*** Begin section ***

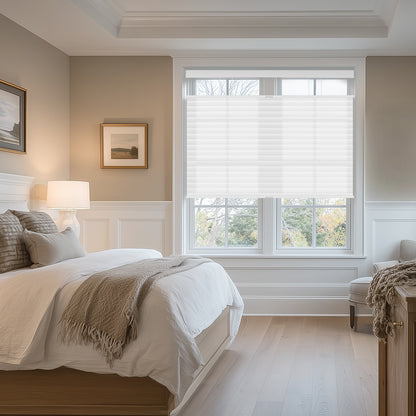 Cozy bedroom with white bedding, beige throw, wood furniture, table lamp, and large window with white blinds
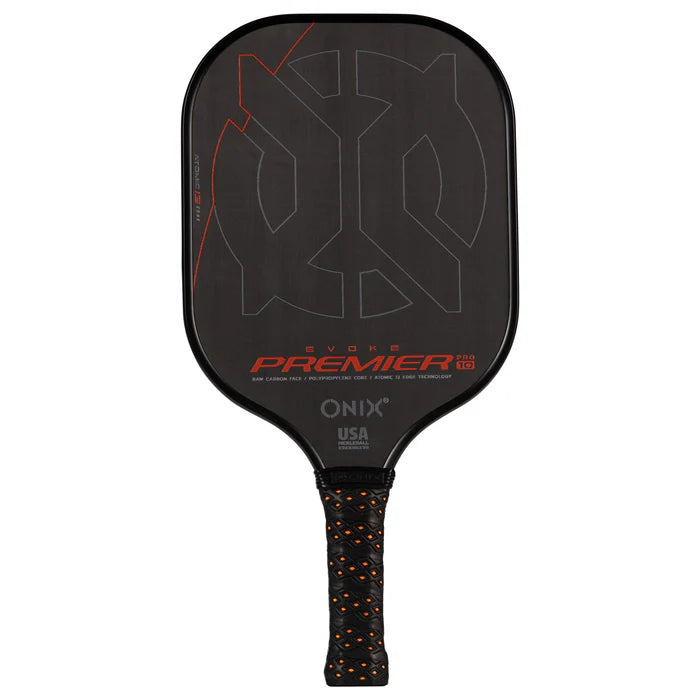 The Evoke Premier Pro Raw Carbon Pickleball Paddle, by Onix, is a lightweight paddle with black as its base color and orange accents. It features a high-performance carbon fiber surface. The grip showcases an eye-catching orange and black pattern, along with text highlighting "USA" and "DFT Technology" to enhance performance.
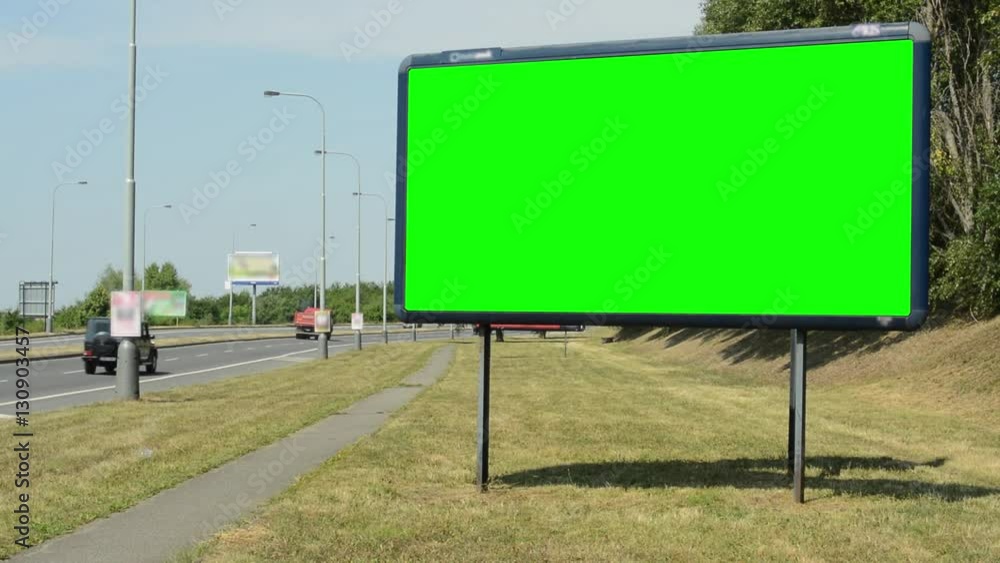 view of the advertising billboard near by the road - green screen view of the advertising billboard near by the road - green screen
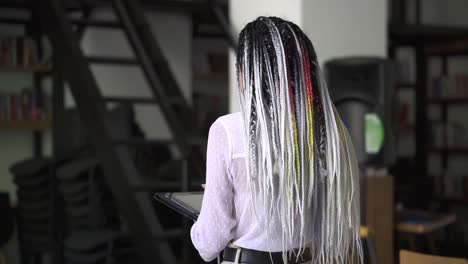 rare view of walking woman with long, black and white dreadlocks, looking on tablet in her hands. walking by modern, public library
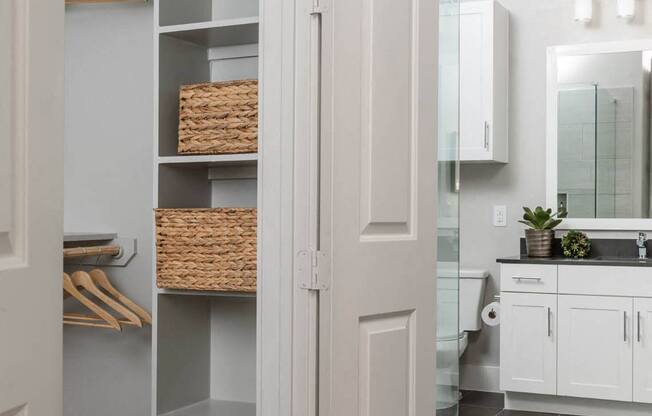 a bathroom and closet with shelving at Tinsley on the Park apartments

*** End section ***

### [Task statement]
Every line of the records above should be reproduced exactly, with no pictures included.

### [Finished exercise]
 Cozy bedroom with white bedding, beige throw, wood furniture, table lamp, and large window with white blinds
 The Evoke Premier Pro Raw Carbon Pickleball Paddle, by Onix, is a lightweight paddle with black as its base color and orange accents. It features a high-performance carbon fiber surface. The grip showcases an eye-catching orange and black pattern, along with text highlighting "USA" and "DFT Technology" to enhance performance.
 view of the advertising billboard near by the road - green screen view of the advertising billboard near by the road - green screen
 rare view of walking woman with long, black and white dreadlocks, looking on tablet in her hands. walking by modern, public library
 a bathroom and closet with shelving at Tinsley on the Park apartments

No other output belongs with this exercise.